- _RECORDS SHOWN_

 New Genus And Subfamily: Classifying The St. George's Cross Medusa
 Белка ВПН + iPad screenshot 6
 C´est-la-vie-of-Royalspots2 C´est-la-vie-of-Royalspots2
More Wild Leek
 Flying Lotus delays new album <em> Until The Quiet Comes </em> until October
* * *
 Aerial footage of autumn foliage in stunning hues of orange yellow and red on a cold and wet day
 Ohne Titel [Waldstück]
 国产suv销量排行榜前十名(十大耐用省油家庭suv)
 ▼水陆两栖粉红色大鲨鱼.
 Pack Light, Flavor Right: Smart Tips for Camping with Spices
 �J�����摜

- _ASSIGNMENT_
Starting at the line above that holds "New Genus And" and ending at the line that holds "Flying Lotus delays", transcribe each line exactly and include no other lines.

- _WRITTEN ANSWER_
 New Genus And Subfamily: Classifying The St. George's Cross Medusa
 Белка ВПН + iPad screenshot 6
 C´est-la-vie-of-Royalspots2 C´est-la-vie-of-Royalspots2
More Wild Leek
 Flying Lotus delays new album <em> Until The Quiet Comes </em> until October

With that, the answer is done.